On March 17, 2021, Satō broke the Nippon Professional Baseball rookie home run record in pre-season exhibition games by hitting 6, previously held by Kyosuke Sasaki when he hit 5 in 1972. This earned him a spot in the season opening game against the Tokyo Yakult Swallows on March 26. He started the season slow and was only batting at .196 by mid-April, with the worst strikeout rate in the team as he averaged above 40%. Nevertheless, he continued to display his hitting power by belting home runs, including one that flew out of Yokohama Stadium on April 9. His hitting eventually picked up and by April 28, he set a new Tiger rookie record for most RBI by the end of April by driving in 18 RBIs (previously set in 1950). As Yūsuke Ōyama was recovering from an injury on May 2, Satō was assigned the clean-up spot and he notched five RBI including his first career grand slam that stole the lead from the Hiroshima Toyo Carp and propelled him to the top of the team leaderboard in both home runs (9) and RBI (24). In his 33rd appearance of the year on May 7, Satō hit his 10th home run and broke the record for fastest drafted NPB rookie to reach double digit homers (36 games). On May 28, he again drove in 5 RBIs including a 3-run home run on the 9th that won the game against the Saitama Seibu Lions. This made him the first rookie in 63 years to hit 3 home runs in a single game since Shigeo Nagashima in 1958. In a July 4 game against the Hiroshima Toyo Carp, Satō struck out 5 times in the game, tying an NPB record. On September 29, Satō set the NPB record for most plate appearances without getting a hit by a non-pitcher after going 54 consecutive plate appearances without a hit.

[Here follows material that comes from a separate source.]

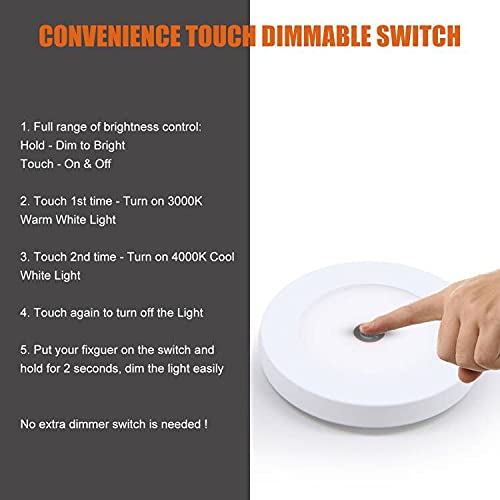 Facon 8-Inch LED RV Panel Light, Dimmable, Touch Switch, Plastic, White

== International career ==
On January 16, 2026, Satō was selected to play for Japan in the 2026 World Baseball Classic.

==Personal life==
He is the eldest son in a sporting family. His father was a national judo champion, and his brother currently plays infielder for Kwansei Gakuin University. His interest in baseball waned in junior high and he was leaning towards joining the soccer club before one of his friends persuaded him to join the baseball club instead.